La procédure détaillée d’activation de la protection push pour votre organisation nécessite que vous :
- Sur GitHub.com, accédez à la page principale de l’organisation.
- Sous le nom de votre organisation, cliquez sur Paramètres.
- Dans la section « Sécurité » de la barre latérale, cliquez sur Sécurité et analyse du code.
- Sous « Configurer la sécurité et l’analyse du code », recherchez « GitHub Advanced Security ».
- Sous « Analyse secrète », cliquez sur Tout activer à côté de « Protection push ».
- Si vous le souhaitez, cliquez sur « Activer automatiquement pour les référentiels privés ajoutés à l’analyse secrète ».
Il peut également être activé pour des référentiels uniques en le basculant depuis la boîte de dialogue Paramètres > Sécurité et analyse > GitHub Advanced Security de chaque référentiel.

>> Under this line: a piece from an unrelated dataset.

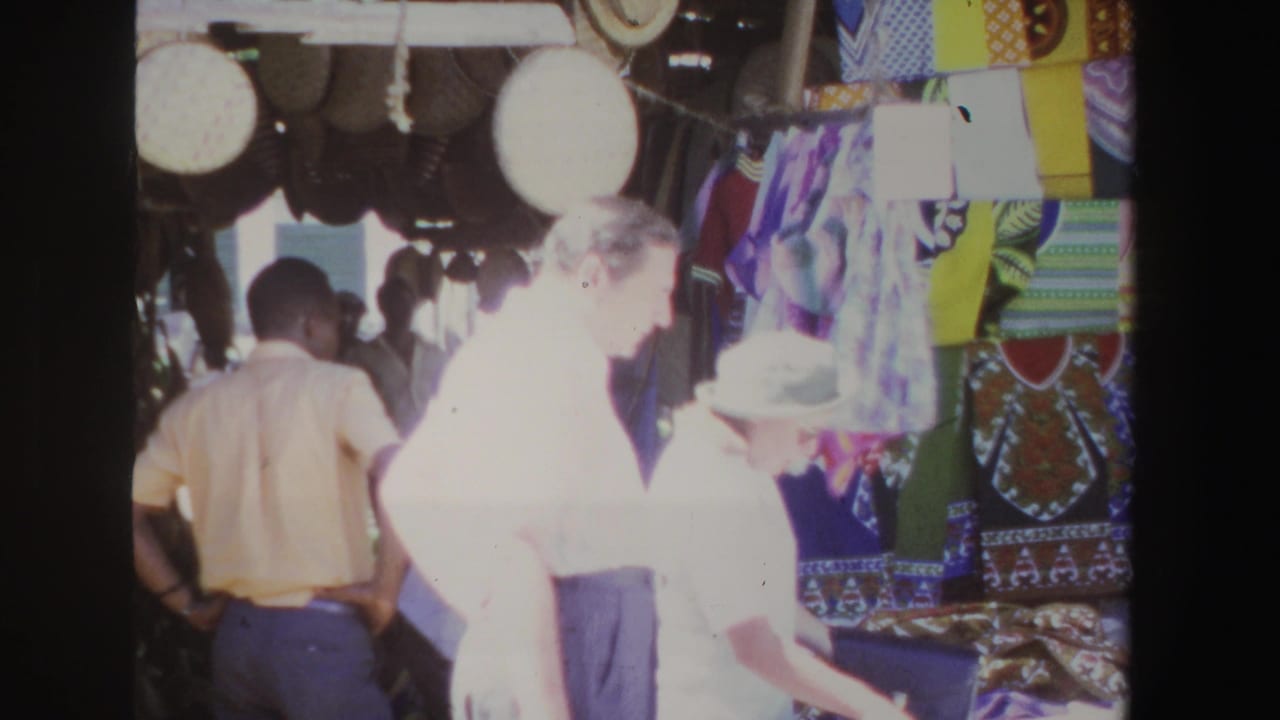 A woman in a light hat and sunglasses stands near a man by patterned textiles.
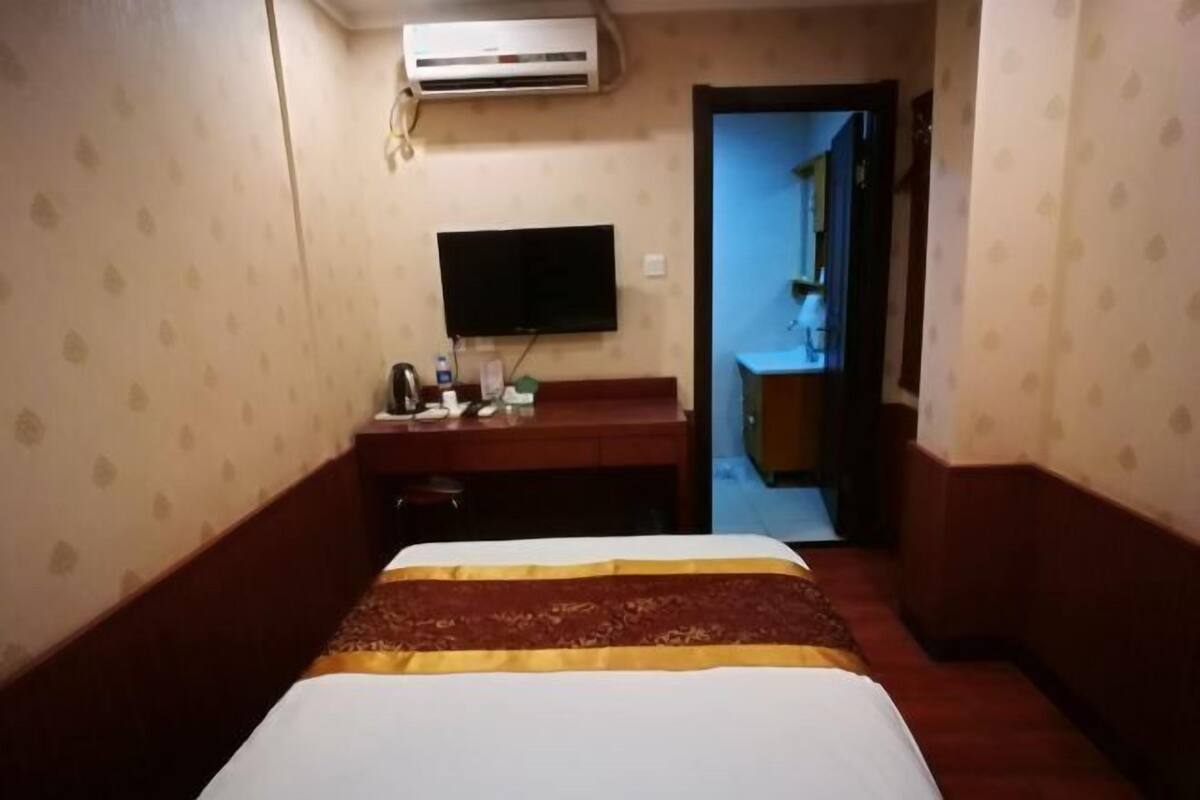 A hotel room with a bed, a desk, a television, and an air conditioning unit.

Plus de détails sur l’utilisation de la protection push à partir de la ligne de commande ou sur l’autorisation de pousser certains secrets sont disponibles sur le site de documentation de GitHub.
Les informations d’identification et les secrets exposés ont conduit à des violations à fort impact ces dernières années, comme l’a déjà signalé Breachtrace [1, 2, 3].
Par conséquent, activer la protection push pour les dépôts privés ou gratuitement sur les dépôts publics pour s’assurer que les poussées de code sont automatiquement bloquées si elles contiennent des secrets est un moyen simple de se défendre contre les fuites accidentelles avec des impacts potentiellement massifs.